◆ **Required work**: A word-for-word copy of all entries is required, without images.

◆ **Exercise data**:
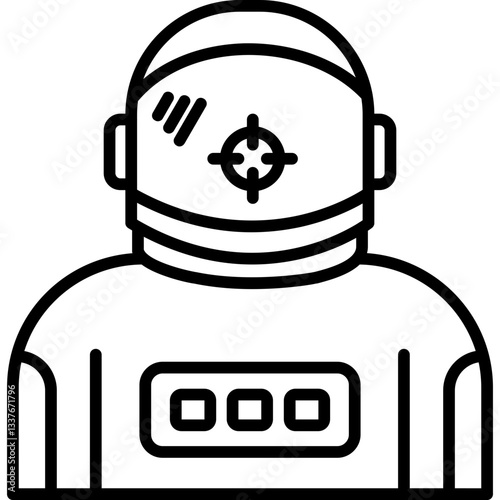 Astronaut Icon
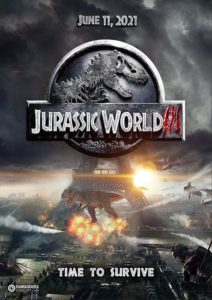 Jurassic World 3 Dominion Film 2021 Kino Plakat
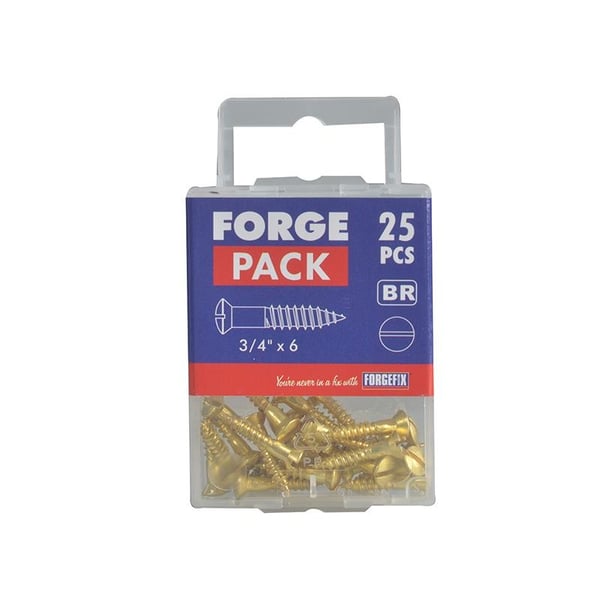 Forgefix Puuruuvit, Ura, Upotettu, Messinki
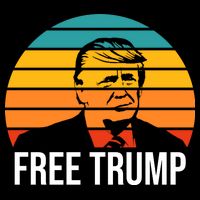 Free Donald Trump Flatbill Hat
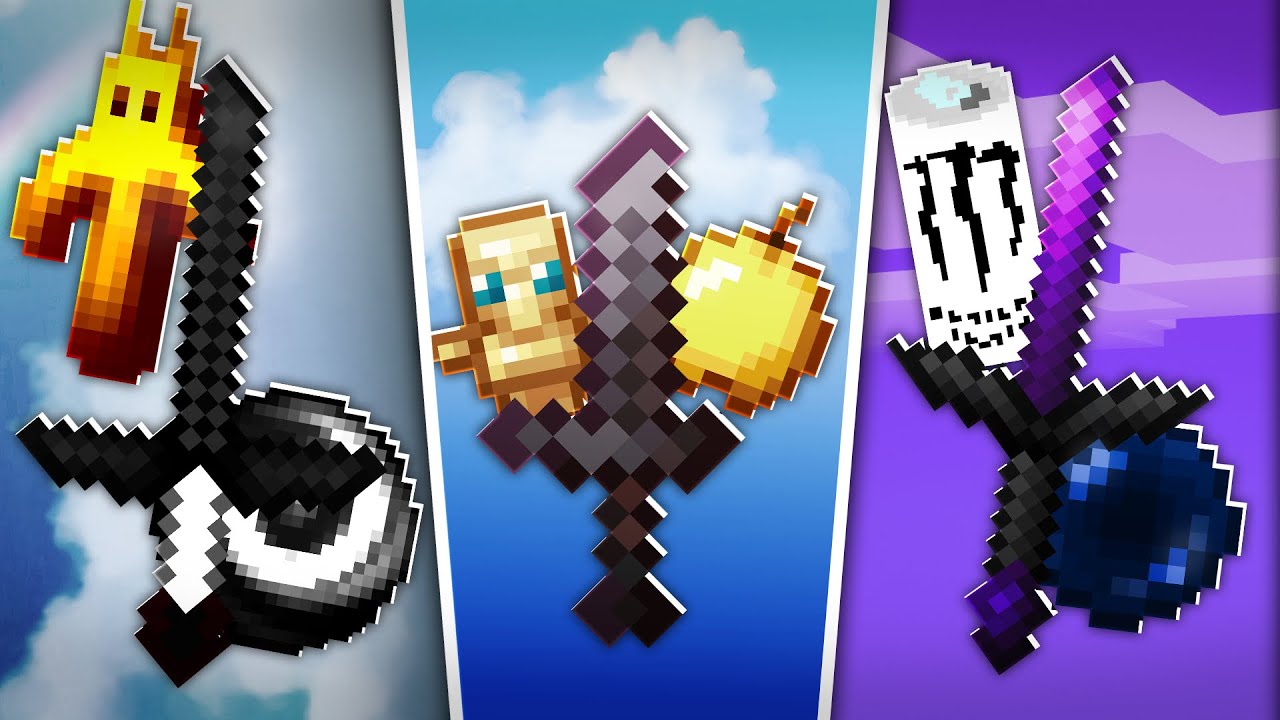 Top 5 PvP Texture Packs 1.21+ | FPS Boost - YouTube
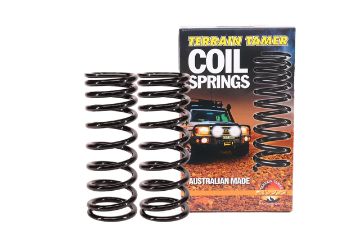 COILS REAR RAISED 40MM TO 300KG HEAVY DUTY PROGRESSIVE RATE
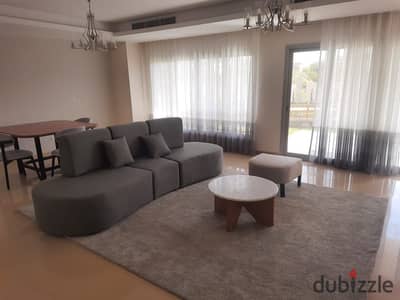 Apartment for rent furnished modern garden in Cairo Festival City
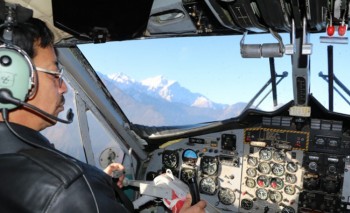 Đã tìm thấy máy bay Nepal mất tích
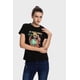 thumbnail image 2 of Polera Mujer Básica Print Negro / Verde, 2 of 4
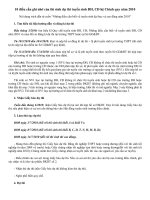 Tài liệu 10 điều cần ghi nhớ của thí sinh dự thi tuyển sinh ĐH, CĐ hệ Chính quy năm 2010 doc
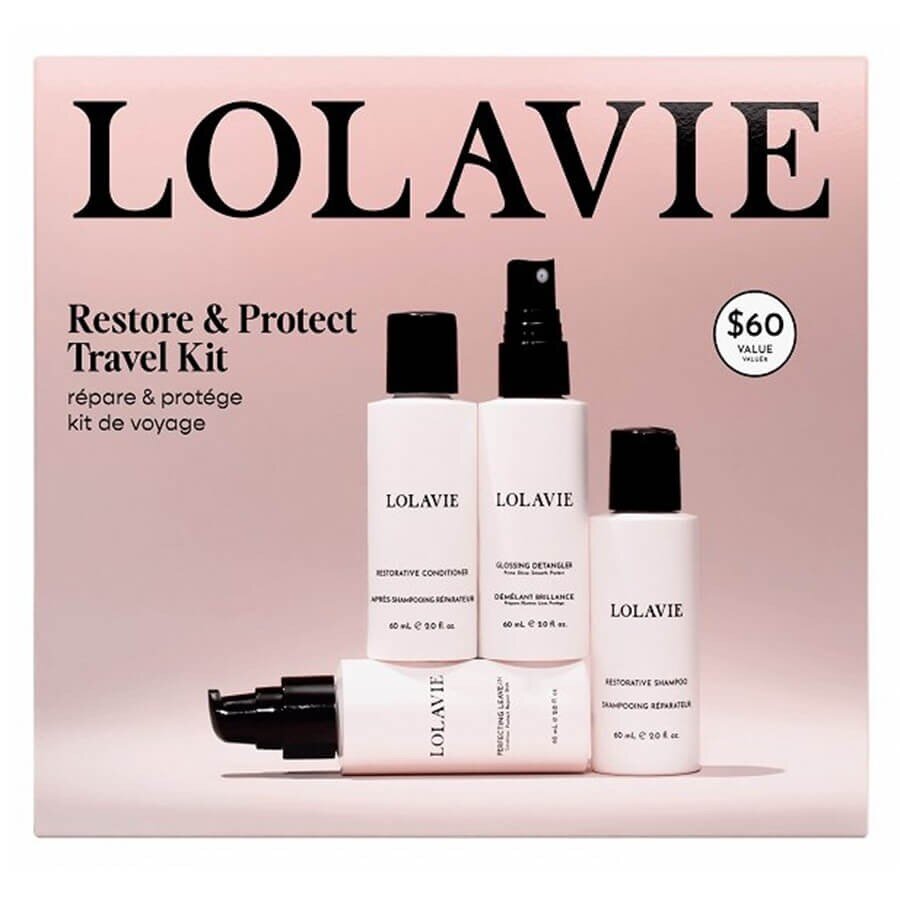 LolaVie Restore & Protect Travel Kit Set 1 kos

◆ **Reply to the task**:
 Astronaut Icon
 Jurassic World 3 Dominion Film 2021 Kino Plakat
 Forgefix Puuruuvit, Ura, Upotettu, Messinki
 Free Donald Trump Flatbill Hat
 Top 5 PvP Texture Packs 1.21+ | FPS Boost - YouTube
 COILS REAR RAISED 40MM TO 300KG HEAVY DUTY PROGRESSIVE RATE
 Apartment for rent furnished modern garden in Cairo Festival City
 Đã tìm thấy máy bay Nepal mất tích
 thumbnail image 2 of Polera Mujer Básica Print Negro / Verde, 2 of 4
 Tài liệu 10 điều cần ghi nhớ của thí sinh dự thi tuyển sinh ĐH, CĐ hệ Chính quy năm 2010 doc
 LolaVie Restore & Protect Travel Kit Set 1 kos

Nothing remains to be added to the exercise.